:: RECORDS TO PROCESS
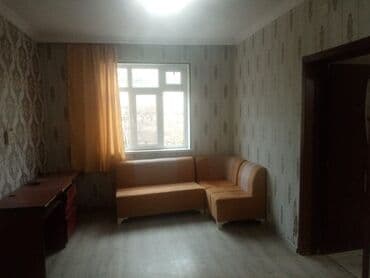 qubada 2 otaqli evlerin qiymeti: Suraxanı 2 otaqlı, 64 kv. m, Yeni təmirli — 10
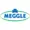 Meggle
::::
:: RECORDS TO PROCESS
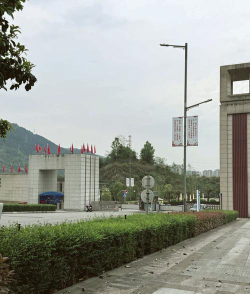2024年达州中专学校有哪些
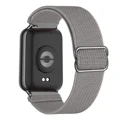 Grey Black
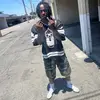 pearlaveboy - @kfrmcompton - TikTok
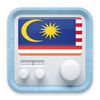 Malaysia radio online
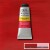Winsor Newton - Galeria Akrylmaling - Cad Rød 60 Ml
::::
Working from the entries above, please transcribe only the lines from the line with "2024年达州中专学校有哪些" through the line with "Winsor Newton - Galeria", exactly, with both end lines and without pictures.

2024年达州中专学校有哪些
 Grey Black
 pearlaveboy - @kfrmcompton - TikTok
 Malaysia radio online
Winsor Newton - Galeria Akrylmaling - Cad Rød 60 Ml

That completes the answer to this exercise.